I have long been interested in the relationship between our moral theories, values, and convictions, and our actual experience of the world. I have had more than the usual interest lately. I recently turned seventy, an age that makes one sit up and take notice, especially someone like myself who—maybe surprisingly—never gave much thought to the passing of the years. Not for me was there a crisis at thirty, forty, fifty, or even sixty.

But seventy was different. There can't be many years left, for one thing; and, for another, I can hardly fail to notice that the downhill pace of aging seems to pick up considerably about this time. There is also another reason, which many have pointed out to me.

During the mid-1980s, I wrote a book, Setting Limits: Medical Goals in an Aging Society, that brought me much attention and even more criticism. Looking down the road I foresaw an eventual clash of two great forces, the growing number and proportion of elderly people and the increasingly successful, but expensive, ways of providing medical care for them. The long-term projections for incredibly large Medicare deficits were fearsome. The only solution I could envision, when the conflict became overwhelming, would be to set an age limit on high technology, even life-extending technology.

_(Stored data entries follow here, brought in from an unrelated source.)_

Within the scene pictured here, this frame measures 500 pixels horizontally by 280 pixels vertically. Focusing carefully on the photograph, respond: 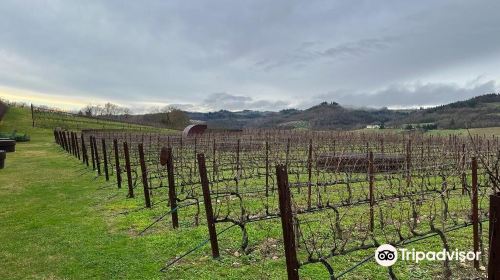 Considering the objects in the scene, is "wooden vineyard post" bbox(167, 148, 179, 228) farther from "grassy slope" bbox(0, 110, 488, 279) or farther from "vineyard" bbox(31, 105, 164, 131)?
"vineyard" bbox(31, 105, 164, 131)

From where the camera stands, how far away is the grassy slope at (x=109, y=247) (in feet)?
18.0

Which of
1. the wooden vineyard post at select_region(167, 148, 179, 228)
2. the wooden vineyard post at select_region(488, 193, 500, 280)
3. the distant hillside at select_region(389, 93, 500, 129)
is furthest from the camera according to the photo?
the distant hillside at select_region(389, 93, 500, 129)

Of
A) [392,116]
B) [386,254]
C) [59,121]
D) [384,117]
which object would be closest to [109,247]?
[386,254]

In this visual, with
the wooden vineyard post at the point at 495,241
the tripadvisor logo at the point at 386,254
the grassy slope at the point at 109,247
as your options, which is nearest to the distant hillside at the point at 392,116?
the grassy slope at the point at 109,247

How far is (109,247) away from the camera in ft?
22.0

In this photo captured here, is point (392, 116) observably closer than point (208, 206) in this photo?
No

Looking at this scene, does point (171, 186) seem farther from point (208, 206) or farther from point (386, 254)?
point (386, 254)

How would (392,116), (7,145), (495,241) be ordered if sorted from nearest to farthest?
1. (495,241)
2. (7,145)
3. (392,116)

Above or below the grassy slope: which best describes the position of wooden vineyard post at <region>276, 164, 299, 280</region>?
above

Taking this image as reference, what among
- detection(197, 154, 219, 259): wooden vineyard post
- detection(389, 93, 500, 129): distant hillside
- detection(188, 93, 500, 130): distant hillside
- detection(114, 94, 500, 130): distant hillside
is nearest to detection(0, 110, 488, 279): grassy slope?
detection(197, 154, 219, 259): wooden vineyard post

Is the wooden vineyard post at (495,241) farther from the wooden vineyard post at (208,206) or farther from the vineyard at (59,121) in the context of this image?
the vineyard at (59,121)

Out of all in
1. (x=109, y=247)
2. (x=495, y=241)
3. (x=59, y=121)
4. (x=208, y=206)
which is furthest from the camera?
(x=59, y=121)

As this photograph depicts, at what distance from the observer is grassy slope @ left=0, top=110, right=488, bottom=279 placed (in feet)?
18.0

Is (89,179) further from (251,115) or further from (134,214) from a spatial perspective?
(251,115)
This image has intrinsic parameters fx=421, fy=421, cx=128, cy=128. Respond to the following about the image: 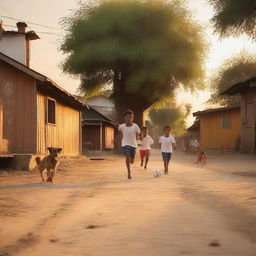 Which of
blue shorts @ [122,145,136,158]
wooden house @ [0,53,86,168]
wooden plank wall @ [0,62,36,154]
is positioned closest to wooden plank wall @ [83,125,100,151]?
wooden house @ [0,53,86,168]

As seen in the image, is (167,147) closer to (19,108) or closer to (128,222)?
(19,108)

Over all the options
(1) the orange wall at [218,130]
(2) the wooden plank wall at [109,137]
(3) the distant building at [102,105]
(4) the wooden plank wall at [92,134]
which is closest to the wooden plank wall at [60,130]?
(1) the orange wall at [218,130]

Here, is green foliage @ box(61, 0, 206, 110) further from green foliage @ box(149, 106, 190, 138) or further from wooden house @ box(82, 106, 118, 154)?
green foliage @ box(149, 106, 190, 138)

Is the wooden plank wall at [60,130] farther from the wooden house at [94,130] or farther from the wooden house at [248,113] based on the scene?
the wooden house at [94,130]

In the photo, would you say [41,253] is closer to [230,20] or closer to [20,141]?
[20,141]

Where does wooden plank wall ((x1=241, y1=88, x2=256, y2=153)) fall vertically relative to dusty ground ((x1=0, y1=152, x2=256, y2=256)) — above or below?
above

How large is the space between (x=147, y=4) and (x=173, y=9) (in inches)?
78.8

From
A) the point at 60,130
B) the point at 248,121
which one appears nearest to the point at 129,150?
the point at 60,130

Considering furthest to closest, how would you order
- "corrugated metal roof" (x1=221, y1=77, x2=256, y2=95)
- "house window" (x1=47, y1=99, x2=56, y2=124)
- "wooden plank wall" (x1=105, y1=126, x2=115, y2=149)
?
"wooden plank wall" (x1=105, y1=126, x2=115, y2=149) → "corrugated metal roof" (x1=221, y1=77, x2=256, y2=95) → "house window" (x1=47, y1=99, x2=56, y2=124)

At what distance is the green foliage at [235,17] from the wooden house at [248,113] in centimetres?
297

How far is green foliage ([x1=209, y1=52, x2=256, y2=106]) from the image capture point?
5950 cm

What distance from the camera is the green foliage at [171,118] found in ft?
348

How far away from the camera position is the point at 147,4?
30516mm

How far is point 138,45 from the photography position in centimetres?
2947
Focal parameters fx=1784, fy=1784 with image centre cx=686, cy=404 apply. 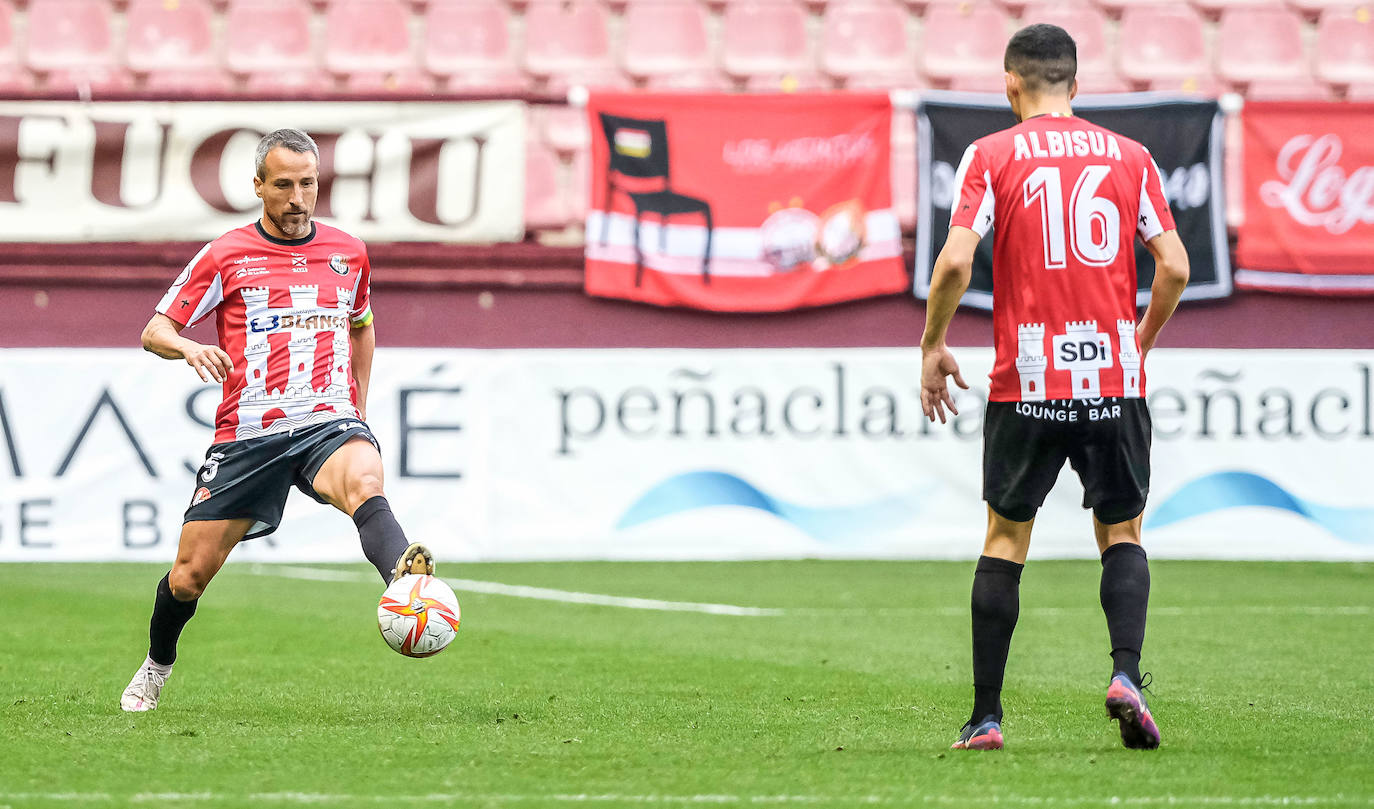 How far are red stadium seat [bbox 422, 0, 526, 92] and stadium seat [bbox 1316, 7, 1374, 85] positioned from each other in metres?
6.90

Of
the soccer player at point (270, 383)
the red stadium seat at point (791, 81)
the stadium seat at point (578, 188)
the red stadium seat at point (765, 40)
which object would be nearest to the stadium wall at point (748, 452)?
the stadium seat at point (578, 188)

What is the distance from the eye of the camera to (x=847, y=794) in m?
3.97

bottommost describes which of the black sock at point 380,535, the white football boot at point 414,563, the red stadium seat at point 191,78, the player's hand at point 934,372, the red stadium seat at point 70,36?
the white football boot at point 414,563

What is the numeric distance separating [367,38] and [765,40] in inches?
133

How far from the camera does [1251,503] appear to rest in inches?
462

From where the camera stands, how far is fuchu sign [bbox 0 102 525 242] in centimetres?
1260

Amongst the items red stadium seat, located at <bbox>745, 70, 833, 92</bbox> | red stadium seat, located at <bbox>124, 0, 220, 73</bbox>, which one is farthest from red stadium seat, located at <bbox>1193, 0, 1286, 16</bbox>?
red stadium seat, located at <bbox>124, 0, 220, 73</bbox>

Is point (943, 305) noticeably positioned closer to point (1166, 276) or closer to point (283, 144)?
point (1166, 276)

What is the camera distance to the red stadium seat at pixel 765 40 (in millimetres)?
15078

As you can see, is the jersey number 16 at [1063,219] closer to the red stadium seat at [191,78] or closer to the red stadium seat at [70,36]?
the red stadium seat at [191,78]

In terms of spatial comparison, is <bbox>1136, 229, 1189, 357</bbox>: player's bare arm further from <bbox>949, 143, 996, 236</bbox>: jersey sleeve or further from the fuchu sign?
the fuchu sign

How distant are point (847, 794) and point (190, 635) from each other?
14.5 feet

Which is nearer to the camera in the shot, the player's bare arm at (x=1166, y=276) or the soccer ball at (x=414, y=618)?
the player's bare arm at (x=1166, y=276)

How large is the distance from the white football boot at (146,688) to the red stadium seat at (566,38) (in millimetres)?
10128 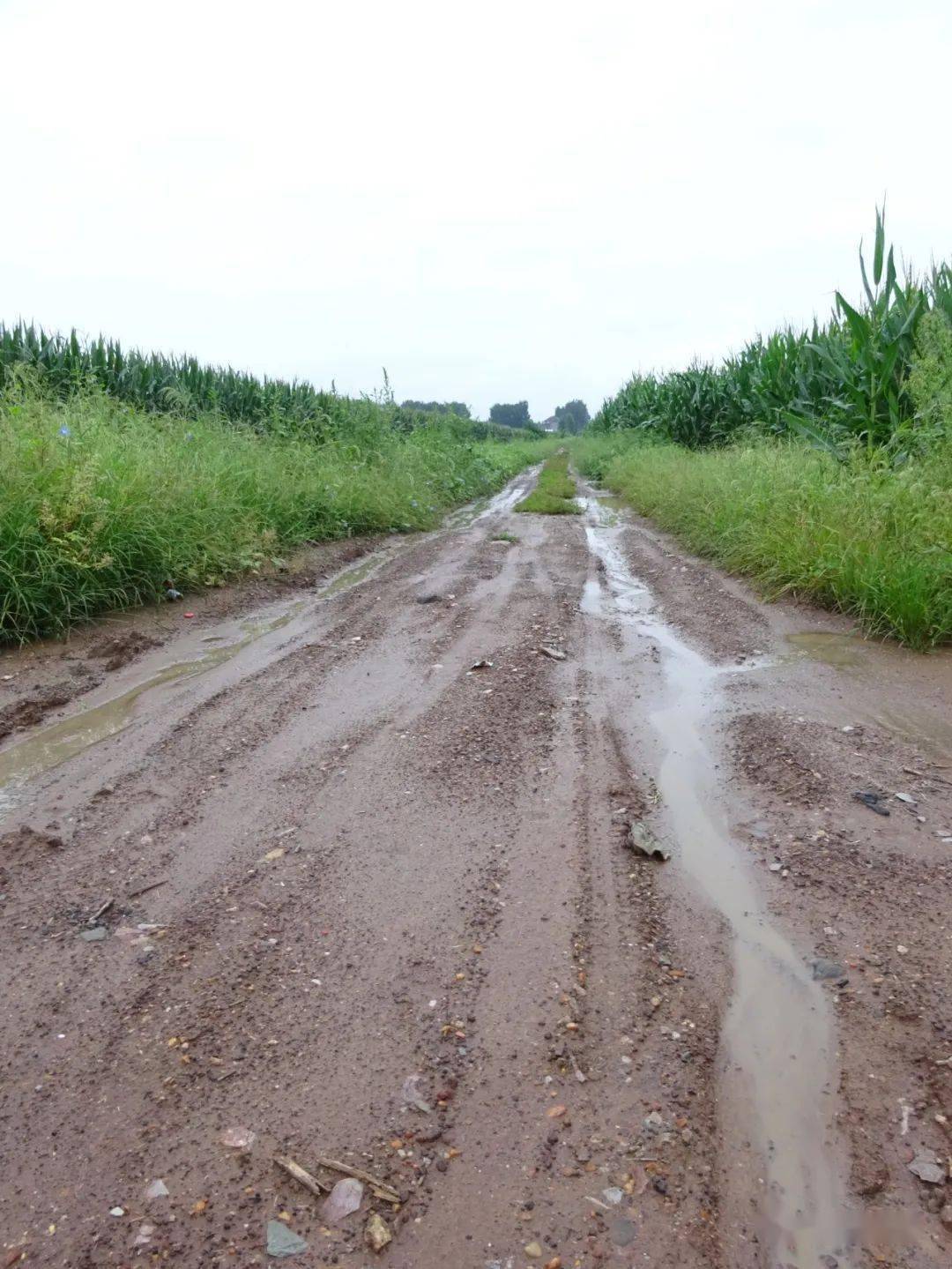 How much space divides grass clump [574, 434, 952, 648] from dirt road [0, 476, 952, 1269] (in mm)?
924

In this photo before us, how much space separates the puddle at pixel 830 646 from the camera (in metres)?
4.39

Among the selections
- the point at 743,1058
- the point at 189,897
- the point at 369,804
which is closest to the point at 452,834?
the point at 369,804

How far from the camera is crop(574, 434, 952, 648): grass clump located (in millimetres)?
4660

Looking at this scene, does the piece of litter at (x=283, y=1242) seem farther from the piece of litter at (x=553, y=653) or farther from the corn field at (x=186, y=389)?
the corn field at (x=186, y=389)

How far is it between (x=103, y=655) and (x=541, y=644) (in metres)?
2.52

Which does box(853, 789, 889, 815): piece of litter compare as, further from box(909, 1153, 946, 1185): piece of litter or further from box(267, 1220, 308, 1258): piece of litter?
box(267, 1220, 308, 1258): piece of litter

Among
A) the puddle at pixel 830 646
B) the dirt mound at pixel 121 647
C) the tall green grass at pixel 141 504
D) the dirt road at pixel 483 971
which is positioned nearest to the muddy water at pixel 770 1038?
the dirt road at pixel 483 971

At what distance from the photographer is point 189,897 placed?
7.30 ft

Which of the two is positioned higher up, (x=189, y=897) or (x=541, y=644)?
(x=541, y=644)

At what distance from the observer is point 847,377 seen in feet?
29.5

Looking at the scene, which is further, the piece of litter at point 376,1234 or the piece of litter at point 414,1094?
the piece of litter at point 414,1094

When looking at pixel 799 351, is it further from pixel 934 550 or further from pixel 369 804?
pixel 369 804

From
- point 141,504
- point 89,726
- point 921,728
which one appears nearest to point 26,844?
point 89,726

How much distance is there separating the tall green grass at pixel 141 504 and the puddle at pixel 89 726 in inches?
36.5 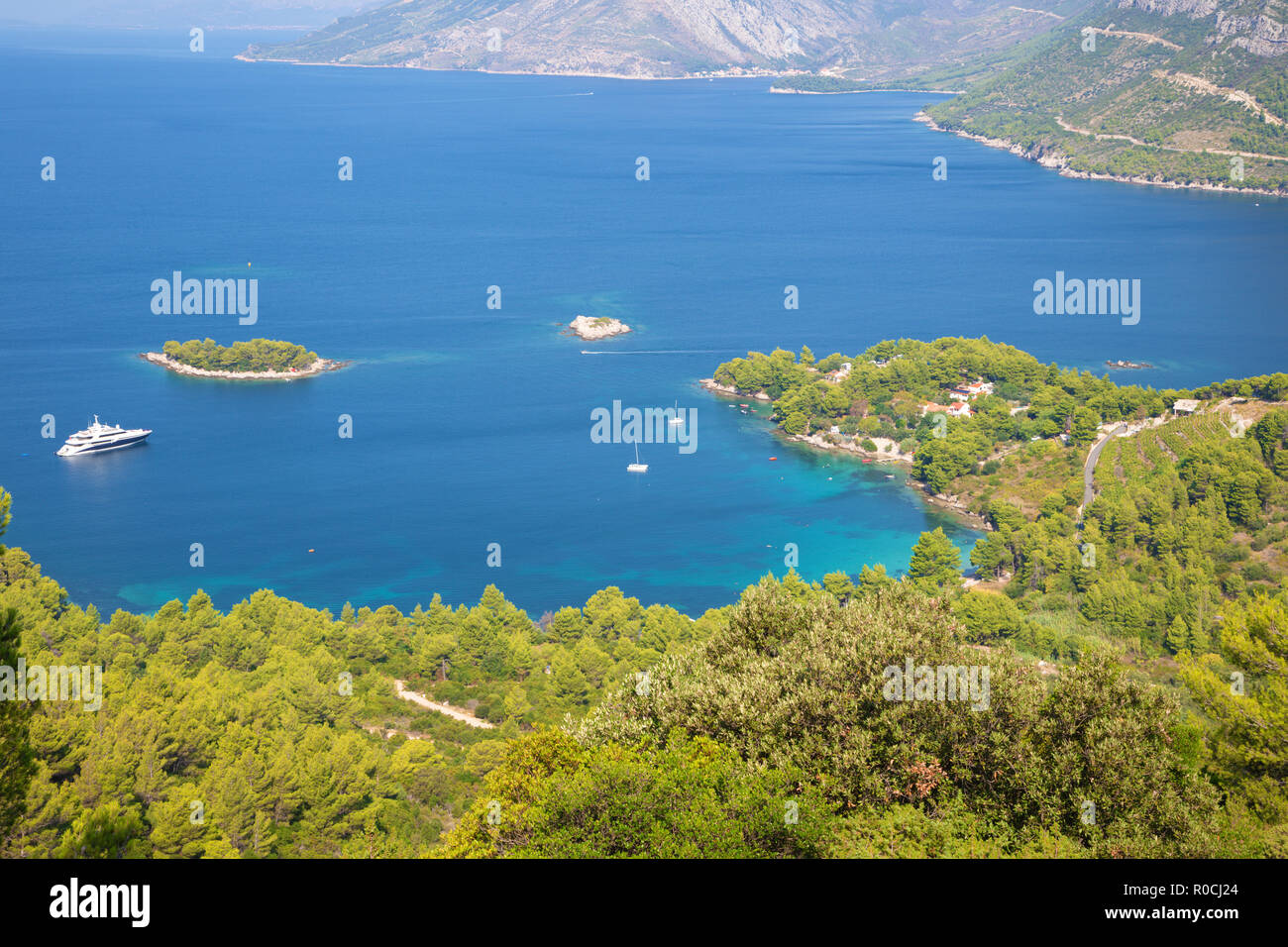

If this became necessary, I argued, it could only be done with the democratic consent of the elderly themselves; and, moreover, good long-term and home care, and basic primary medical care, would never be denied. While the young have obligations to provide good health care for the old, the old in turn have an obligation not to make excessive demands on the young (who, after all, actually pay through their taxes the Medicare costs of the old). Just what would be the cutoff age? I proposed the "late seventies or early eighties" but added—not winningly, maybe—that by sixty-five most people had lived a full life, and that while there was more they could do with their lives, death in old age was a sad, but not tragic, event. Compare the funeral of a child with that of someone who has died in his eighties, and note the difference in mood.

An age limit was not then, nor would it be now, a popular suggestion—even though no one then or now has offered a better way of dealing with what will one of these days be an intractable problem. I was attacked as agist, murderous, and—most tellingly—lacking insight in what it would be like to be old, sick, and denied Medicare reimbursement to save my life. "How old are you anyway?" I was constantly asked. When I said I was fifty-seven (the year the book was pub­ lished), a common response was, "well, no wonder; wait until you are really old and know what you are talking about." So here I am at seventy, getting there.

I haven't really changed my views, mainly because most of the alternative—and of course painless—solutions depend upon astonishingly large acts of scientific or economic faith. Research, some say, will eventually avert the problem, finding cures for all those deadly and expensive diseases. The Genome Project will lead to a discovery of the genetic basis of all disease, which can then be eliminated. "Death," the CEO of a major biotechnology company recently said, "is nothing but a series of preventable diseases." A savings account system, more market choice, or greater efficiency, say others, will avert a crisis. Efficiency, one of the great gods in the American pantheon of secular deities, is almost as good as research in getting rid of what ails us.

I don't believe it and, in any case, what will I say when I get critically ill and the expenses mount? I see that happening to many of my friends. And I can't but notice how many of them— who had said for years that they did not want expensive and useless treatment at the end of their lives—often do in fact want treatment that offers only the faintest hope of doing much good. They clutch at straws, defer to their families' wishes, or are seduced by well-meaning physicians who say "it's too early to give up hope; let's try one more round of chemotherapy."

Since that happens to people who are tougher and of better character than I am, I have no reason to believe I would be any more resistant to the lure of expensive technological rescues than they are. Should I, therefore, change my theoretical views, bringing them more in line with nasty old reality, in this case my self-interest in staying alive (an attitude hardly anyone in our society would now call selfish), which will no doubt show its hand at some point?

No, I hope I won't do that. I see the situation as one where, much like Ulysses, we need to bind ourselves to the mast to avoid temptation. If, and only if, we reach a point in this country when the health-care costs of the elderly become insupportable—by which I mean they are clearly depriving younger people of what they need to live decent lives and to have a chance of becoming old—then I would support an age limit on expensive medicine. I would vote for such a limit with trepidation, knowing that I (and others like me) could be deprived of that which would give them a few more years of life.

Becoming seventy has not persuaded me that my death from here on in would be a social tragedy, even if it is not something I look forward to. The world has many problems—war, poverty, violence, racism, exploitation of others—but I have never heard anyone make a plausible case that one of the great evils to be put on that list is the fact that elderly people get sick and die. In the end, then, I can tolerate the idea of an age limit because I take aging and death to be a part of human life, and not a wholly evil part. There are far worse things that happen in this world.

Daniel Callahan, a former Commonweal editor, is president emeritus of the Hastings Center and the author of What Price Better Health: Hazards of the Research Imperative.